*** Entries supplied ***

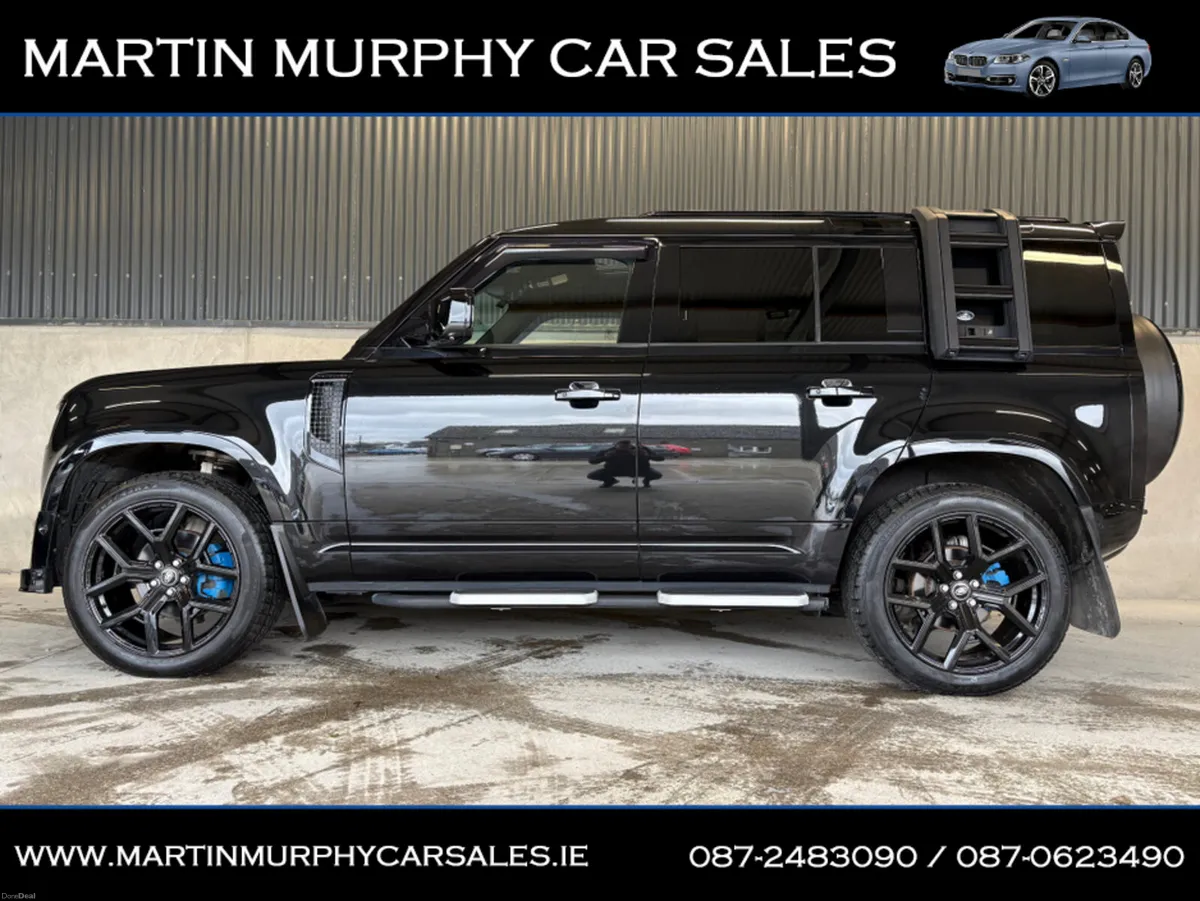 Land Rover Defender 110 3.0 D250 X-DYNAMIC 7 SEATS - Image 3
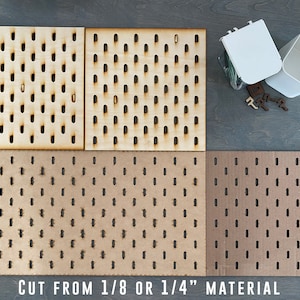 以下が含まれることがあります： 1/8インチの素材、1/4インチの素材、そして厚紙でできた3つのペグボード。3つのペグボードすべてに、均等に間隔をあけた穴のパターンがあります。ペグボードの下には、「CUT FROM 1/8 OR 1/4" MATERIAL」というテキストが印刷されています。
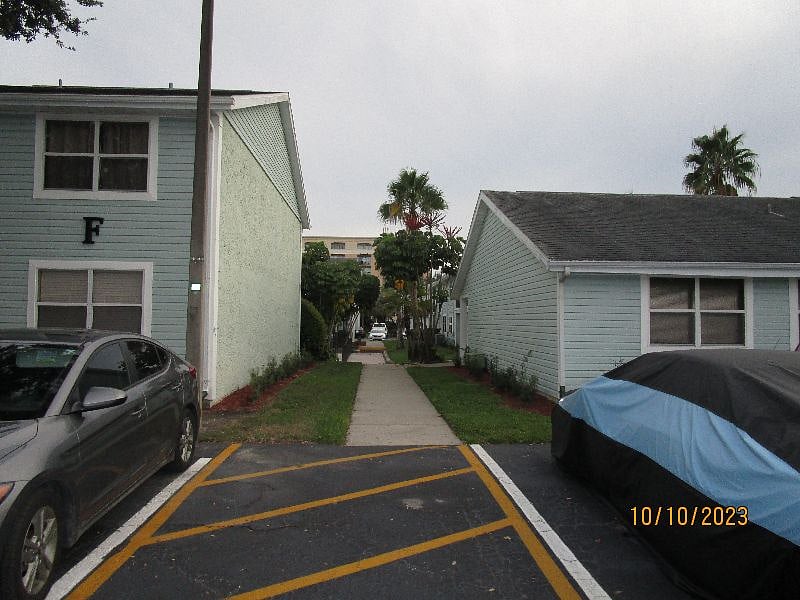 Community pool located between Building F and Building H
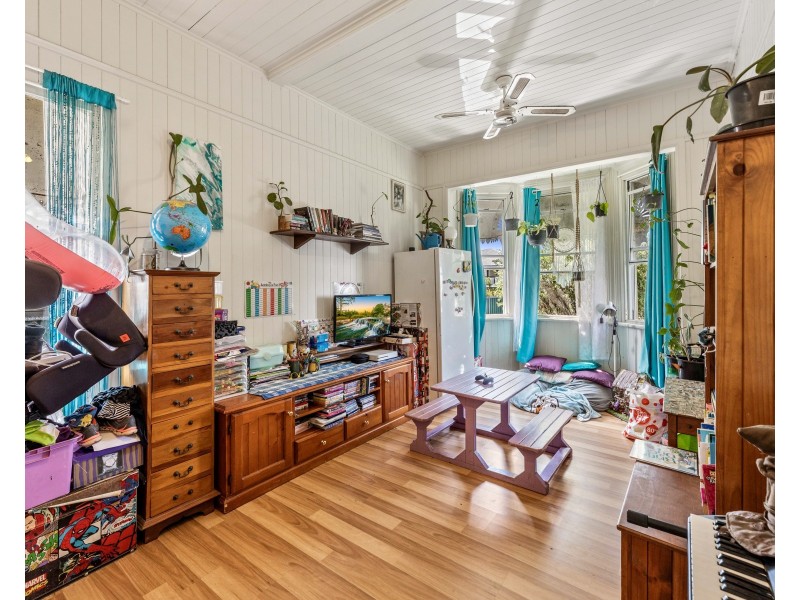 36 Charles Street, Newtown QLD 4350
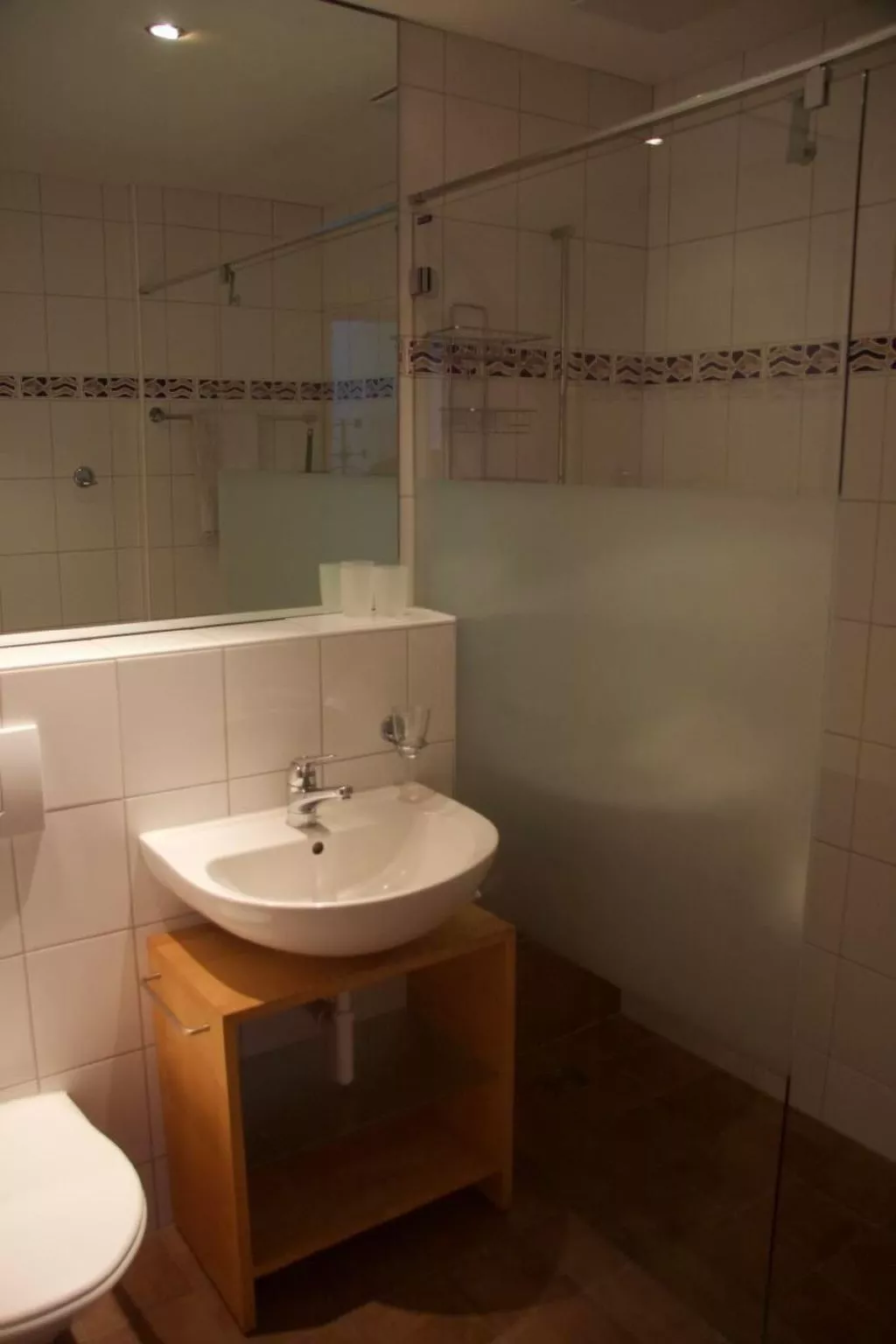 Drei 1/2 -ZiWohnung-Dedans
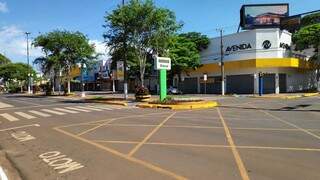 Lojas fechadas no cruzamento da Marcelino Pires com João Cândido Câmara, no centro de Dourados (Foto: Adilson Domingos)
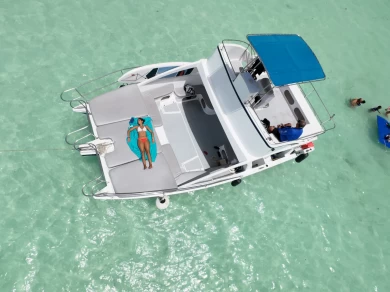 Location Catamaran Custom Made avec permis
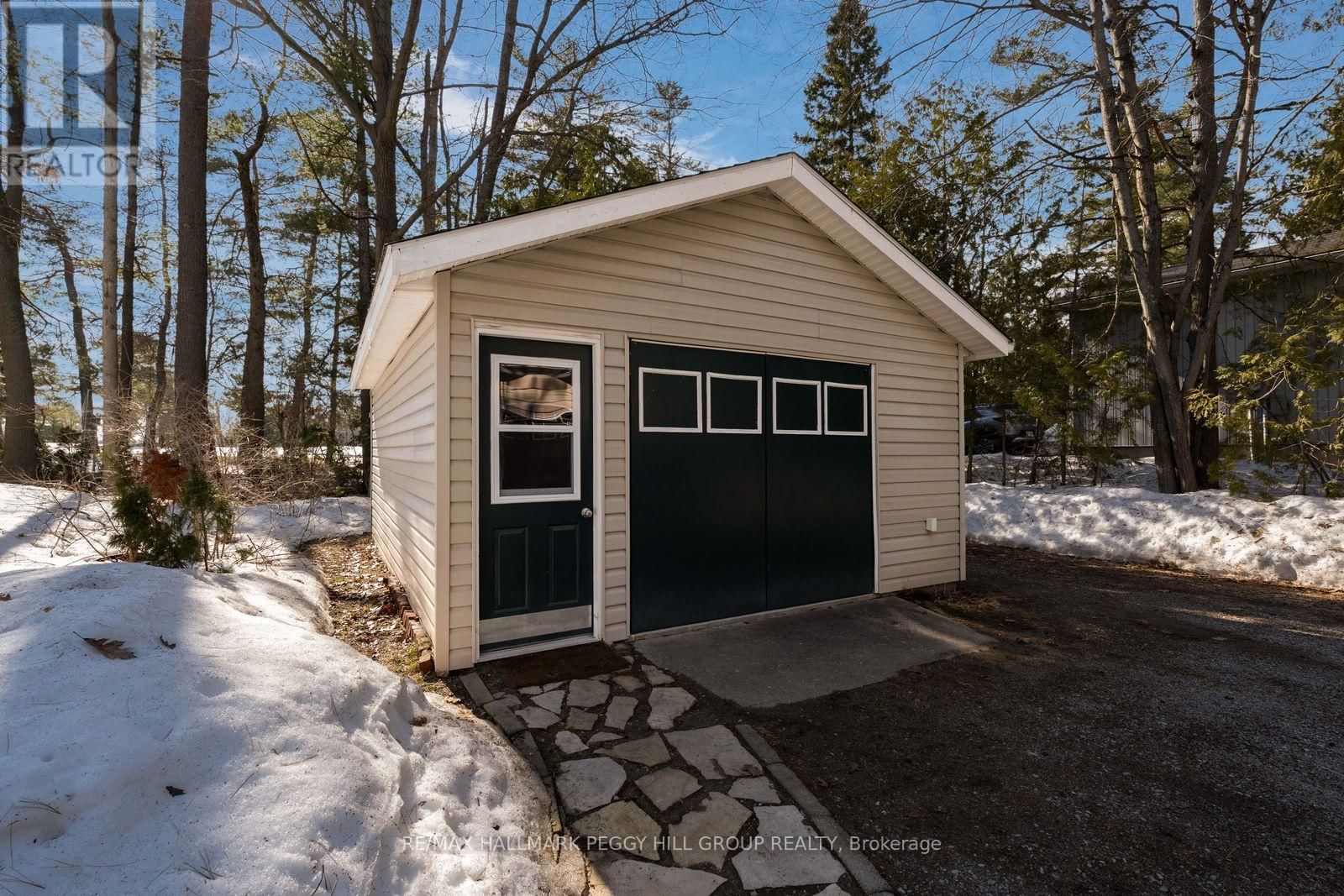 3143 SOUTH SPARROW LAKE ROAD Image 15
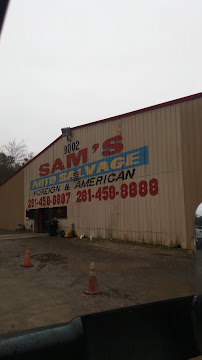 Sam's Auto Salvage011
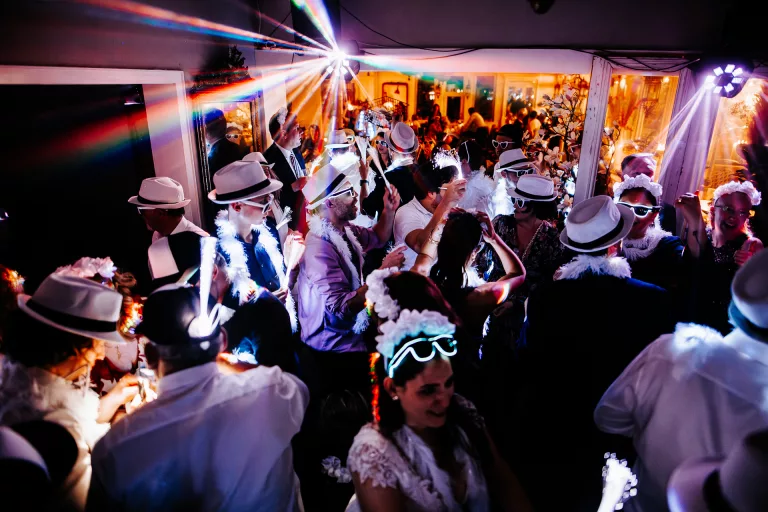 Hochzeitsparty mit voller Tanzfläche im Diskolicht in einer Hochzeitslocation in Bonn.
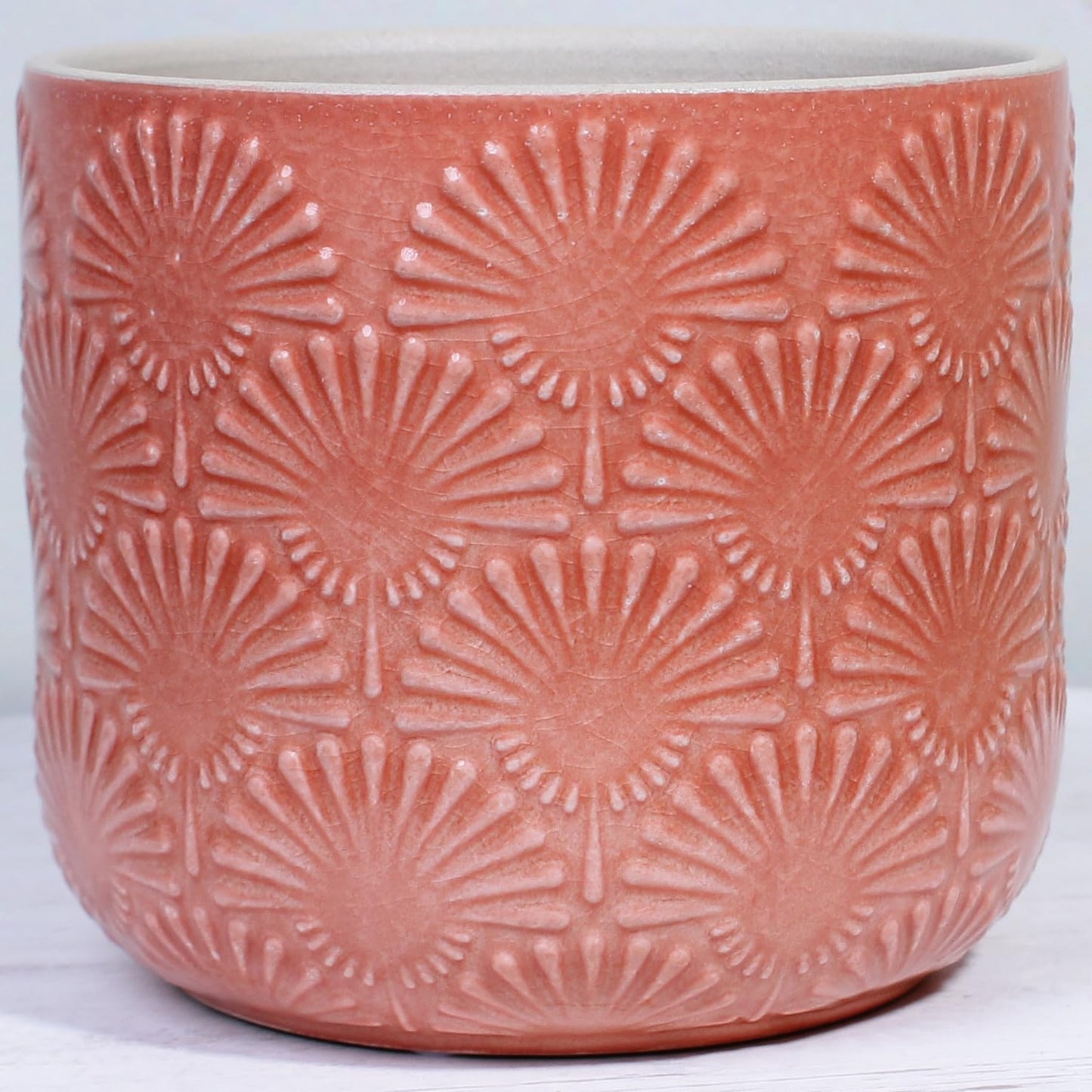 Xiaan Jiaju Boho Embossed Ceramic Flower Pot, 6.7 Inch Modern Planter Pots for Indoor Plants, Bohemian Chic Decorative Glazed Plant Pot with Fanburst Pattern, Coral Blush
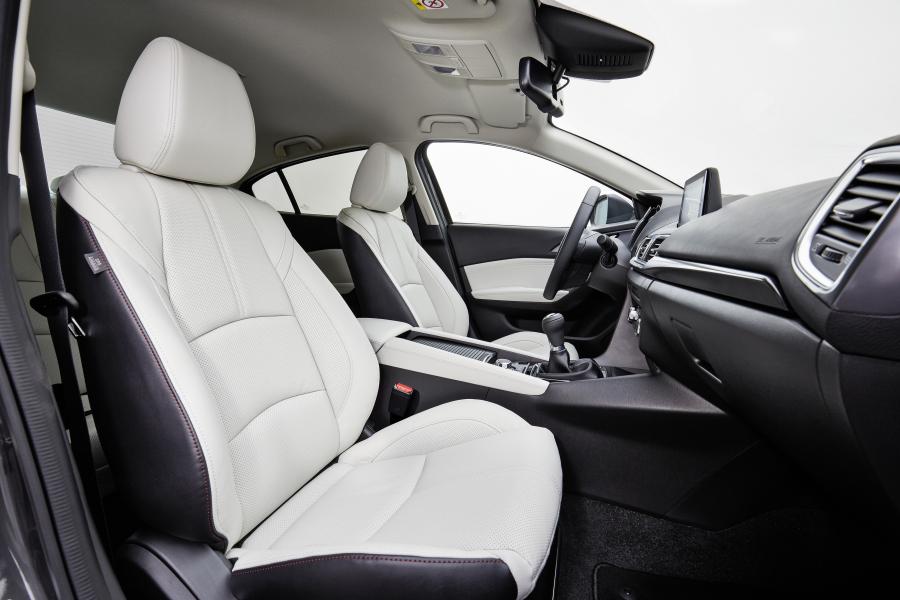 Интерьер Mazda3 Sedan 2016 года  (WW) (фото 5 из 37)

*** End of Entries supplied ***

Description of the task: From the line containing "Location Catamaran Custom Made avec permis" to the end of the listing, restate each line word for word and nothing more; the pictures stay out.

Response for this exercise:
 Location Catamaran Custom Made avec permis
 3143 SOUTH SPARROW LAKE ROAD Image 15
 Sam's Auto Salvage011
 Hochzeitsparty mit voller Tanzfläche im Diskolicht in einer Hochzeitslocation in Bonn.
 Xiaan Jiaju Boho Embossed Ceramic Flower Pot, 6.7 Inch Modern Planter Pots for Indoor Plants, Bohemian Chic Decorative Glazed Plant Pot with Fanburst Pattern, Coral Blush
 Интерьер Mazda3 Sedan 2016 года  (WW) (фото 5 из 37)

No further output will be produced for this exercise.